Une union économique renforcée 2017-05-19T00:49:56+00:00

Une union économique renforcée

Le 9 décembre 2012, le Conseil européen a lancé la négociation, (sans le Royaume-Uni) d’un accord international destiné à établir une union économique renforcée (ou « pacte budgétaire »). Objectif : rassurer les opinions publiques des pays du Nord de l’Europe afin d’augmenter la taille des fonds de secours et de permettre à la BCE d’agir.

Plénière à Strasbourg, le 23 janvier 2013, à Strasbourg, le Parlement a adopté en session plénière une résolution exposant ses préoccupations et ses exigences. Trois députés – Elmar Brok (Parti populaire, Allemagne), Roberto Gualtieri (Socialistes et démocrates, Italie) et Guy Verhofstadt (Libéraux et démocrates, Belgique) représentent le Parlement dans ces discussions.

La résolution marque d’abord clairement les doutes du Parlement quant à la nécessité d’un tel accord, en dehors du cadre juridique communautaire et dans un domaine où la législation vient d’être renforcée par le “6 pack”. Cet accord a plus une valeur symbolique que juridique sauf sur un point : l’engagement d’introduire une “régle d’or” ie une limite à l’endettement dans les constitutions nationales.
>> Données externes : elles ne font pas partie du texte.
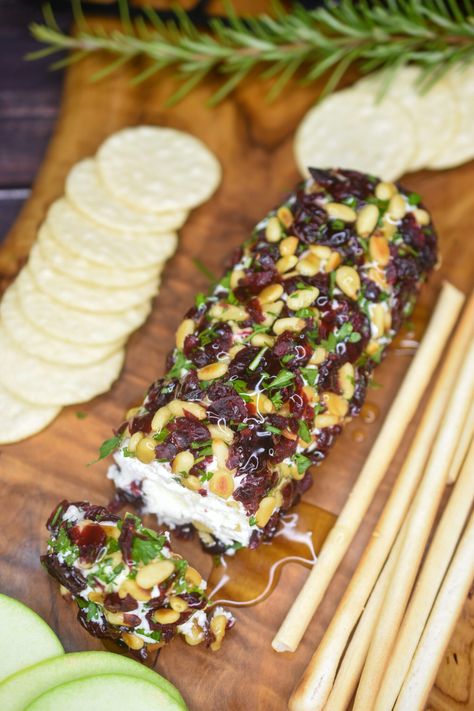 Goat Cheese Christmas Board, Goat Cheese Log Appetizer, Thanksgiving Recipes Appetizers, Goat Cheese Recipes Appetizers, Easy Thanksgiving Recipes Appetizers, Cheese Log Recipes, Cranberry Goat Cheese, Goat Cheese Log, Savory Dips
En outre, si la discipline budgétaire est indispensable, elle ne suffit pas. C’est pourquoi la résolution du Parlement s’attache à faire du renforcement de la croissance une priorité.

De plus, les députés soulignent le besoin d’accompagner le renforcement des règles communes et de la convergence par une plus grande légitimation démocratique. Dès lors, la résolution soutient que les parlements nationaux et le Parlement européen doivent être impliqués dans tous les aspects de la gouvernance économique.

Un accord international risque également d’instaurer, de manière permanente, une “Europe à deux vitesses”. Pour éviter une telle situation, la résolution préconise qu’à terme (5 ans au plus) la substance de cet accord soit intégrée dans le droit communautaire (valable pour les 27).

Enfin, les députés voudraient inclure dans cet accord l’engagement des États membres de créer un fonds d’amortissement de la dette existante, d’émettre des emprunts obligataires pour le financement de futurs projets, d’instaurer une taxe sur les transactions financières et d’adopter une feuille de route pour l’introduction d’euro-obligations.

Plus que jamais, le Parlement reste donc actif dans la régulation économique et financière de la zone euro. Il n’a qu’un rôle d’observateur mais entend faire entendre sa voix.